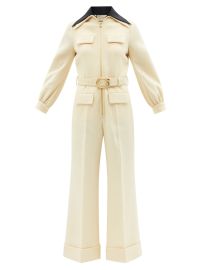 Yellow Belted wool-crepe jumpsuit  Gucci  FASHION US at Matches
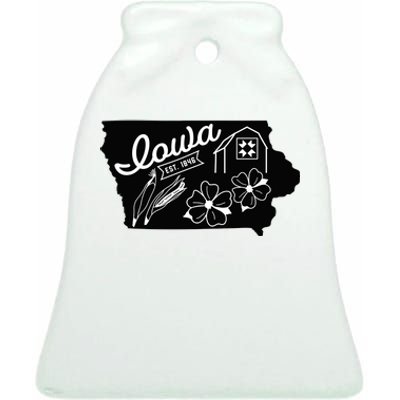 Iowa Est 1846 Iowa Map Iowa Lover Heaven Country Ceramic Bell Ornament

-----

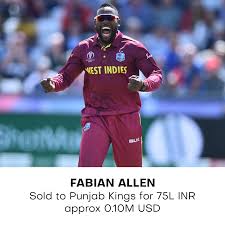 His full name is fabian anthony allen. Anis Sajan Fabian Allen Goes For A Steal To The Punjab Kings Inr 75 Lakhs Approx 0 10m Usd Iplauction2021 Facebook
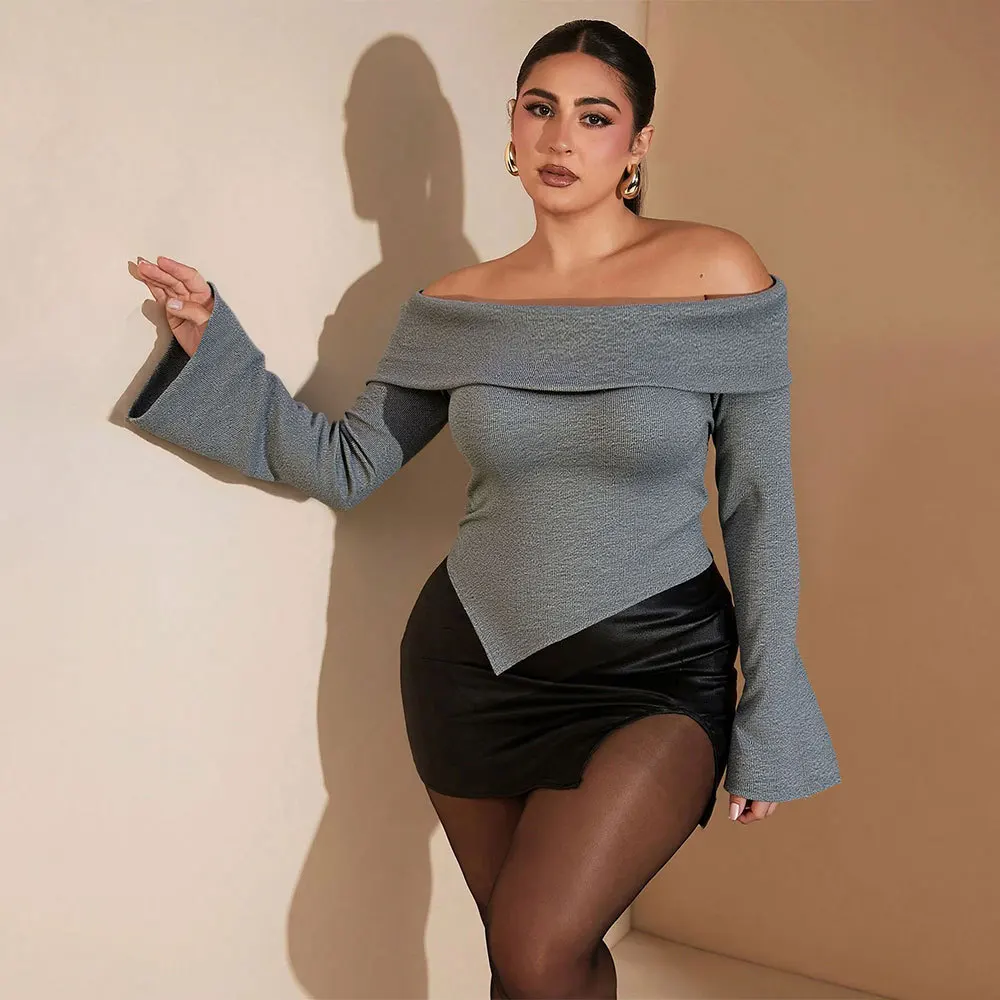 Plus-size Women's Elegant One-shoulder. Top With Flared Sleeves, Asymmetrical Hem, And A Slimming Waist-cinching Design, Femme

-----

* _ABOUT THIS TASK_
Reproduce the listing above only between the lines holding "Yellow Belted wool-crepe" and "Iowa Est 1846", inclusive. Every line must match exactly, and pictures are dropped.

* _RESULT OF THE EXERCISE_
 Yellow Belted wool-crepe jumpsuit  Gucci  FASHION US at Matches
 Iowa Est 1846 Iowa Map Iowa Lover Heaven Country Ceramic Bell Ornament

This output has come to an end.